__Task item__: Please write out the line containing "Top Layer Cowhide Waist Bag" and each line after it through the end of the data, exactly, and nothing else.
*** Opening of Entries shown ***
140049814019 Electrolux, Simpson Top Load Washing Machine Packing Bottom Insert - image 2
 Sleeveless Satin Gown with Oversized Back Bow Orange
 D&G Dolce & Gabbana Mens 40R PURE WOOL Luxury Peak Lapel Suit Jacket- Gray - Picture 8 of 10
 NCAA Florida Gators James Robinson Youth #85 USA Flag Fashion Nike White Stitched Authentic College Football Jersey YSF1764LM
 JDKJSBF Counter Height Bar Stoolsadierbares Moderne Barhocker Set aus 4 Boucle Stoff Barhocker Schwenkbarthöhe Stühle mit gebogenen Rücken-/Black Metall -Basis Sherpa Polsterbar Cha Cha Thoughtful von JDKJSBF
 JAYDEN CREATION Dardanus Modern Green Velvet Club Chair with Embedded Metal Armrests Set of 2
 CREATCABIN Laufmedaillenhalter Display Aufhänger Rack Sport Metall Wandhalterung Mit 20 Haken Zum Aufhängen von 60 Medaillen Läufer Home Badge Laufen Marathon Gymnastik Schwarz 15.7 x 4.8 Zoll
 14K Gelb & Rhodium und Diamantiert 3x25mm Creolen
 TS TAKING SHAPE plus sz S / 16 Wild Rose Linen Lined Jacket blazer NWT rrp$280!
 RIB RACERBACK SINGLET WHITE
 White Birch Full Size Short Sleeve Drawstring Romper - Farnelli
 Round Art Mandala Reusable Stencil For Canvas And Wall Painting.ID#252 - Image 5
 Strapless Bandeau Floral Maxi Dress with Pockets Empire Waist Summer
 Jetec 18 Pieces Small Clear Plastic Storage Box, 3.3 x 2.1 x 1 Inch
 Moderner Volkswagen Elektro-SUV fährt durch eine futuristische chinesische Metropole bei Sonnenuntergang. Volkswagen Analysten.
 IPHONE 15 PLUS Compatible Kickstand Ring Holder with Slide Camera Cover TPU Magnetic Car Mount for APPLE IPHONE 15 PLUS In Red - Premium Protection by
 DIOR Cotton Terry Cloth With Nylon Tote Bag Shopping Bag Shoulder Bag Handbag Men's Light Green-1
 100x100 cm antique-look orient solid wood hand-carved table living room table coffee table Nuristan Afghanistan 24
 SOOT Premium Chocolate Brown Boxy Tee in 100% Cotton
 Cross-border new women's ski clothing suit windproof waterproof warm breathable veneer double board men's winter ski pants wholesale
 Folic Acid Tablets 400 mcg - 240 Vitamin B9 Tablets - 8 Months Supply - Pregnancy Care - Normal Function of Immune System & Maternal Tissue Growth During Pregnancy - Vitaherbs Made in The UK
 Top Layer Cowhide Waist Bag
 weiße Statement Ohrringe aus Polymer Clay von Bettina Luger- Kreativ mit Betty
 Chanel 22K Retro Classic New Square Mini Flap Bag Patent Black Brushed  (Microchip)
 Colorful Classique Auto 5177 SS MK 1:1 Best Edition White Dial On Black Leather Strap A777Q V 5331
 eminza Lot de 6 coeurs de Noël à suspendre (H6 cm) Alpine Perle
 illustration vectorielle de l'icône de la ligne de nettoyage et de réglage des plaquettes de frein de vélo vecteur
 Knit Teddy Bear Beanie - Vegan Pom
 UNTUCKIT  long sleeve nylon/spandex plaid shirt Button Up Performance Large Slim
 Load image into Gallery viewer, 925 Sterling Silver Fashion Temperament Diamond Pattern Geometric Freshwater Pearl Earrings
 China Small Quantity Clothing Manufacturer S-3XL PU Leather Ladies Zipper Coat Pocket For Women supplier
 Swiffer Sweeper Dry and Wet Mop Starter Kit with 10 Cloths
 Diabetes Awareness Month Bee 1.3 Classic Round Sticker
*** Close of Entries shown ***
__Solution for this task__:
 Top Layer Cowhide Waist Bag
 weiße Statement Ohrringe aus Polymer Clay von Bettina Luger- Kreativ mit Betty
 Chanel 22K Retro Classic New Square Mini Flap Bag Patent Black Brushed  (Microchip)
 Colorful Classique Auto 5177 SS MK 1:1 Best Edition White Dial On Black Leather Strap A777Q V 5331
 eminza Lot de 6 coeurs de Noël à suspendre (H6 cm) Alpine Perle
 illustration vectorielle de l'icône de la ligne de nettoyage et de réglage des plaquettes de frein de vélo vecteur
 Knit Teddy Bear Beanie - Vegan Pom
 UNTUCKIT  long sleeve nylon/spandex plaid shirt Button Up Performance Large Slim
 Load image into Gallery viewer, 925 Sterling Silver Fashion Temperament Diamond Pattern Geometric Freshwater Pearl Earrings
 China Small Quantity Clothing Manufacturer S-3XL PU Leather Ladies Zipper Coat Pocket For Women supplier
 Swiffer Sweeper Dry and Wet Mop Starter Kit with 10 Cloths
 Diabetes Awareness Month Bee 1.3 Classic Round Sticker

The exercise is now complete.